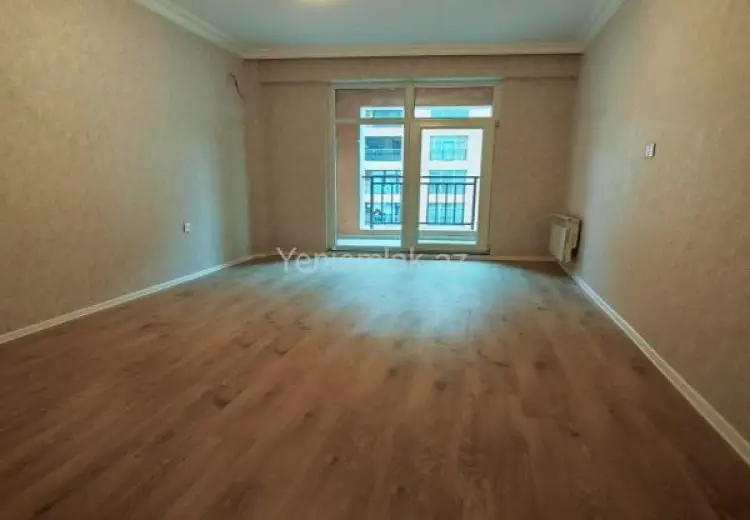21 000 AZN - 2 otaqlı mənzil Satılır, Saray, Abşeron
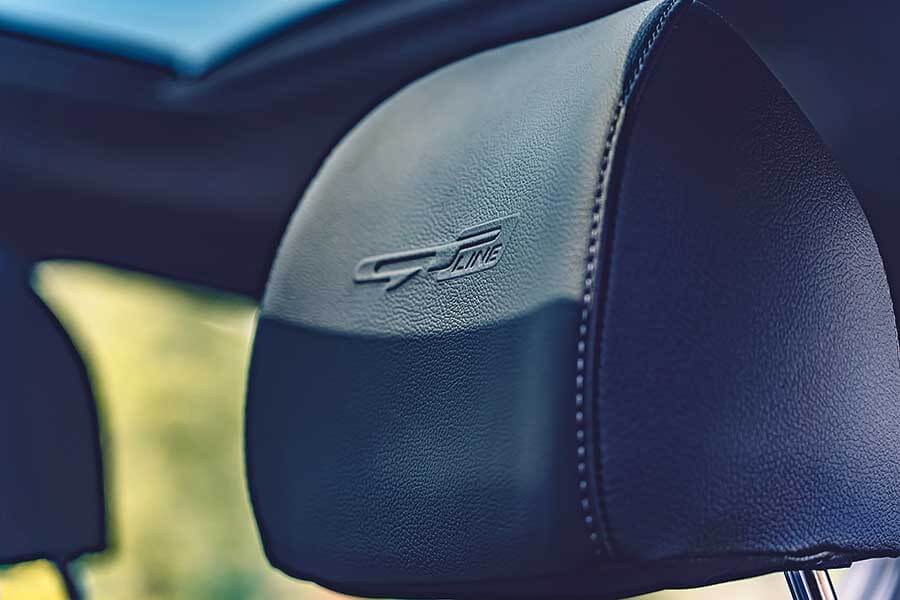 dailypower-56 潛力很玄妙,例如在菜市場抱著兩個孫子還可以伸手掏錢拿菜同時多討兩把蔥一包蒜,一轉頭再跟隔壁鄰居吵架當閒聊的祖父母,平凡卻身懷絕技。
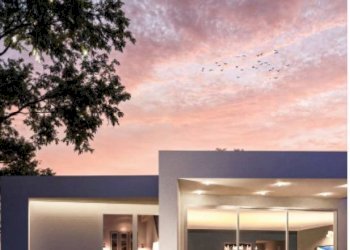 Facciata - Villa via Cornio, Vigonovo - photo 5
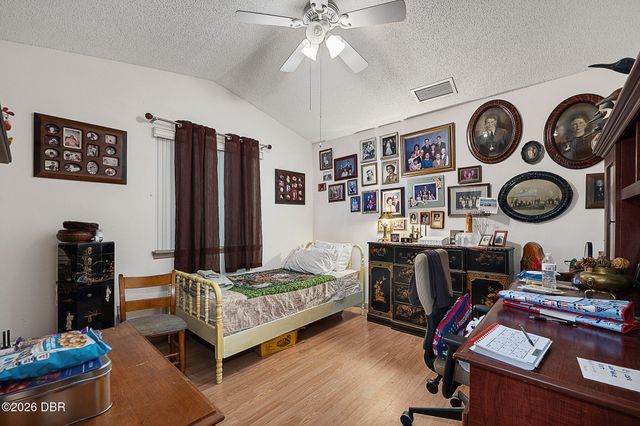 2372 Mitchell Island Road, Deltona, FL 32738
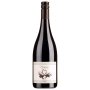GIACONDA Nantua Les Deux Shiraz 2022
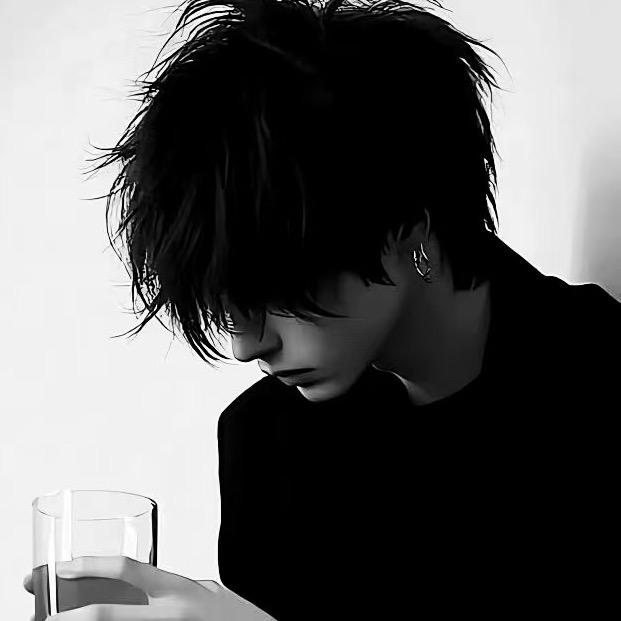 小米之家广东阳江江城区漠江路专卖店阳江市旺宝服装有限公司④直播号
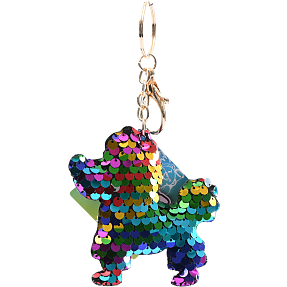 Danpen Boost-my-bag- hund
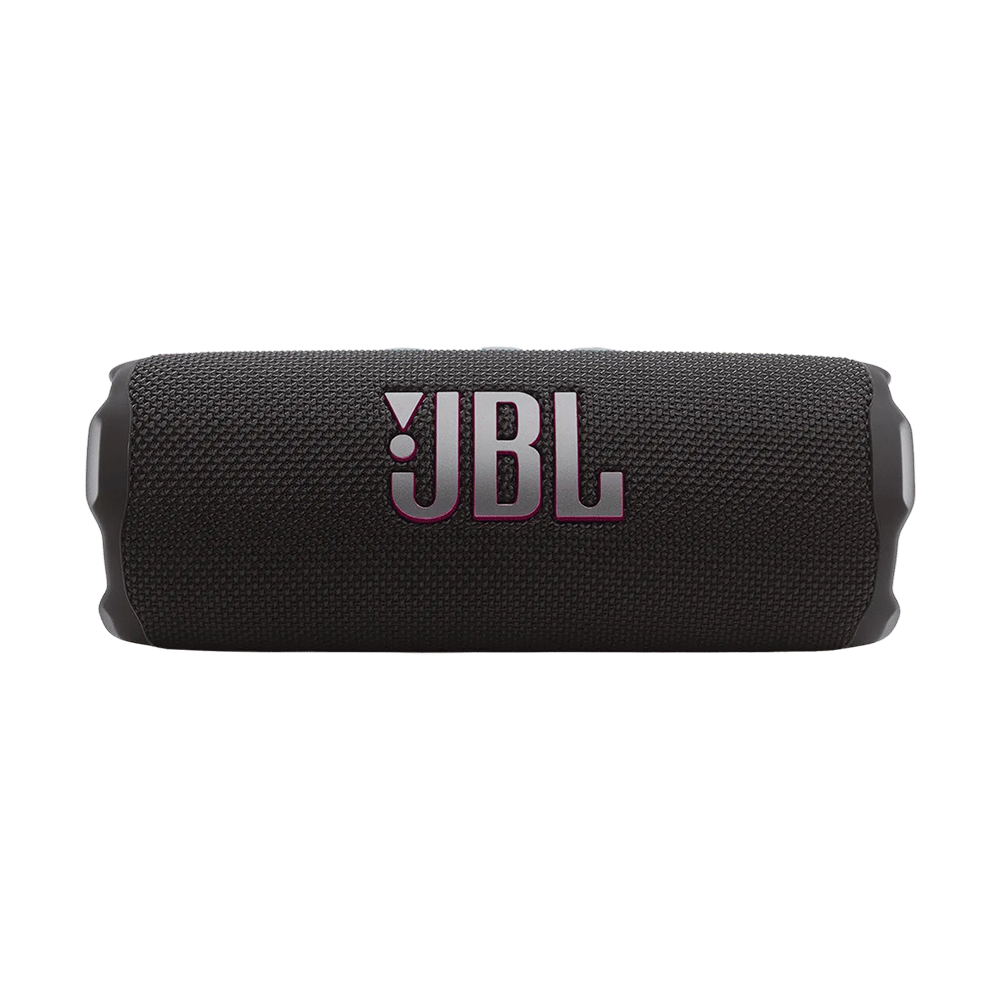 JBL Flip 7 Portable Bluetooth Speaker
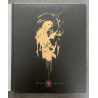 Rossbach / Merlin / Kleurenopdracht - C + omslag - 1 Album - EO - 2009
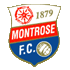 Montrose Stats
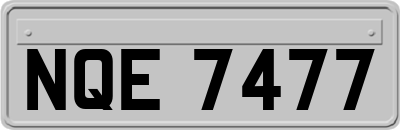 NQE7477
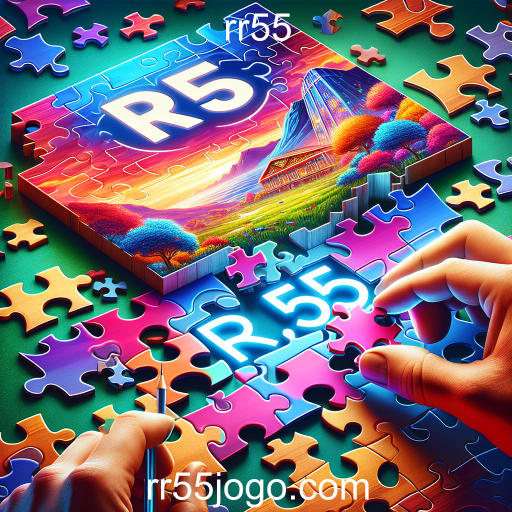 rr55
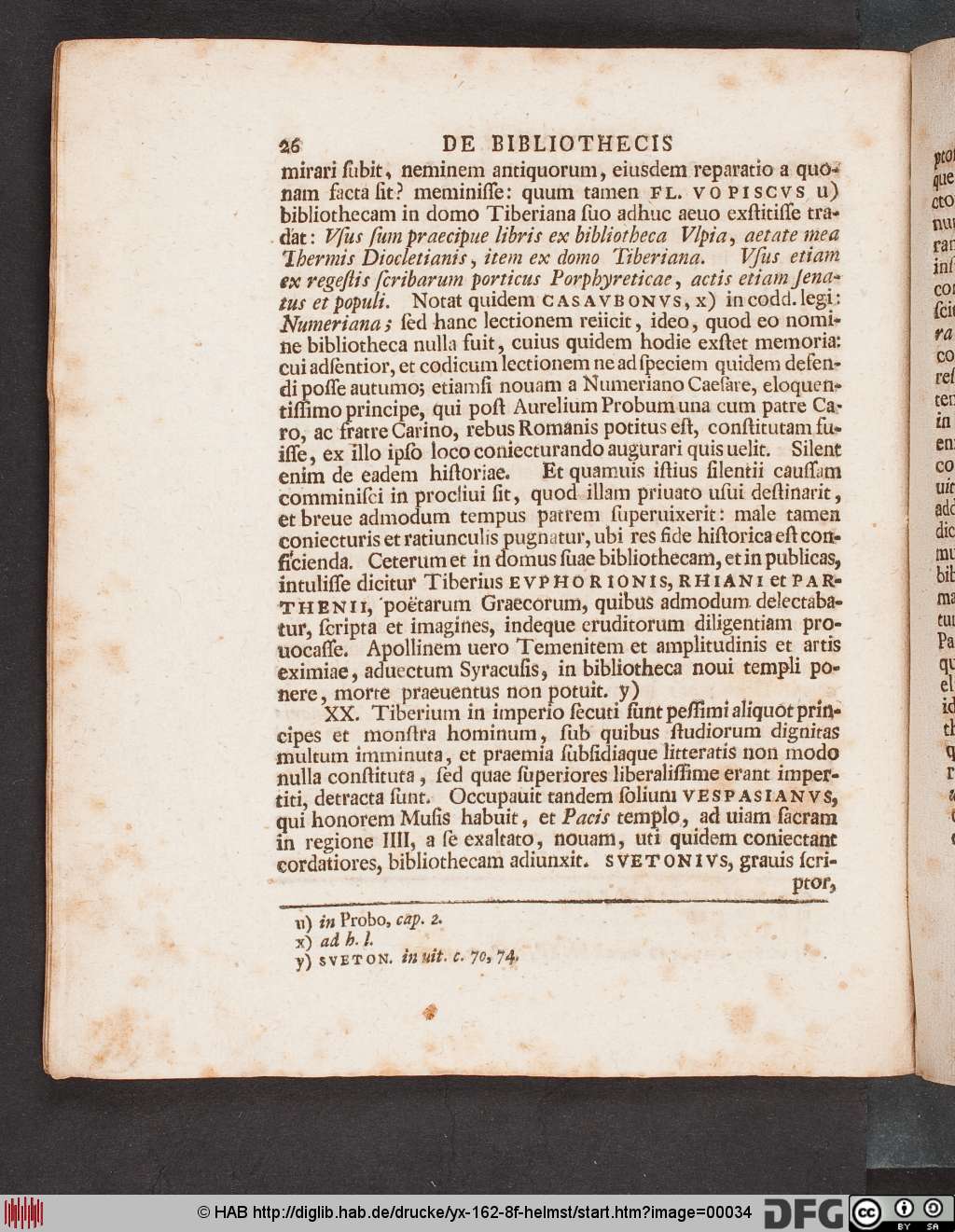 http://diglib.hab.de/drucke/yx-162-8f-helmst/00034.jpg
· · ·
§ **Exercise**:
In the copy, no pictures are to appear; write out exactly the lines from the one containing "JBL Flip 7 Portable Bluetooth Speaker" through the end of the listing above and no further lines.

§ **Response to this task**:
 JBL Flip 7 Portable Bluetooth Speaker
 Rossbach / Merlin / Kleurenopdracht - C + omslag - 1 Album - EO - 2009
 Montrose Stats
 NQE7477
 rr55
 http://diglib.hab.de/drucke/yx-162-8f-helmst/00034.jpg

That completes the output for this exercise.